Kent C. Dodds: [0:00] If we wanted to create a variable for Hello World and we wanted to interpolate that variable's value into the children position, then I'm going to go ahead and copy this. We'll make this our children.
[0:30] We can do the same thing for our className. If I copy the container and make a className variable, and instead of the quotes here, we'll put curly braces to suggest to the Babel compiler that we want this value to be evaluated as an expression, then we'll pass the className variable. If we save this, then we'll get the exact same result as we had before.
[0:53] You can see the compiled version of the code here in our script tag where you see we have our children as a variable, our className as a variable. Our element is an assignment to React.createElement with our div. Then our object where we have className being assigned to the variable className.
[1:09] We can rename this to whatever we want. We could say myClassName and then copy this and paste it in there. If we save this, we'll get a refresh. There it is, myClassName is being assigned to the className property of our object here.
[1:24] Then children is the same thing. We could say myChildren. Save that. We'll get a refresh and there it is, myChildren being passed as my children. When you use the curly braces, that's basically telling Babel, "Leave this alone and pass it directly as the property that you pass for the props here and for the children arguments here."
[1:47] If we wanted to split these up, then we could do so with worldChild and do worldChild. Put them side by side just like that and we'll get myChildren and worldChild.
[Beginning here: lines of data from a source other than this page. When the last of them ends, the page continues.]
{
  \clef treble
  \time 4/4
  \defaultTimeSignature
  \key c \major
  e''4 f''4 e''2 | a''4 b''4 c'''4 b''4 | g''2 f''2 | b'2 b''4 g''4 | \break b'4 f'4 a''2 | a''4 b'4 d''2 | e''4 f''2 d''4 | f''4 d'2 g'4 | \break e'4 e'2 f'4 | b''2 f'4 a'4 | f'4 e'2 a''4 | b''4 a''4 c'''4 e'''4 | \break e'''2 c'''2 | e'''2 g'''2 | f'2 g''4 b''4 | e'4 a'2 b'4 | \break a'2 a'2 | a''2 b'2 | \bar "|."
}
Except to get it to render you need to spell things correctly. That's important in programming. There we go.
[2:37] There's another useful JSX trick that I want to show you. Let's come back to our children: 'Hello World'. We'll just call this className. We'll get rid of this. We'll change this to className. Then we'll interpolate children here.
[2:56] One important thing to remember is that children is just a special prop that we could provide right here. Children is children. With that it works exactly the same way as it did before, except now instead of being compiled to add additional arguments, it's just using the shortcut here as one of the props.
[3:16] In addition, because this is JSX and not HTML, we can have self-closing tags for divs. We can save that, and this is self-closing.
[3:24] Another thing we can do is if I make an object here where we have our props, we're going to make children and className part of those props. Then I can come right here, remove all of those, and I can say, "Hey, Babel, I want you to take all of these props and pass them to the React.createElement call that you create for this div." Interpolate onto this div's prop's position a spread of that prop's object.
[3:50] If we save that, we can take a look at the compiled version of this. We get our props object. We have React.createElement. Then it just passes the props directly. Then I can add additional props if I want to. I could say id="app-root", save that. Then in this case we're going to get the extends helper, which is basically object.assign.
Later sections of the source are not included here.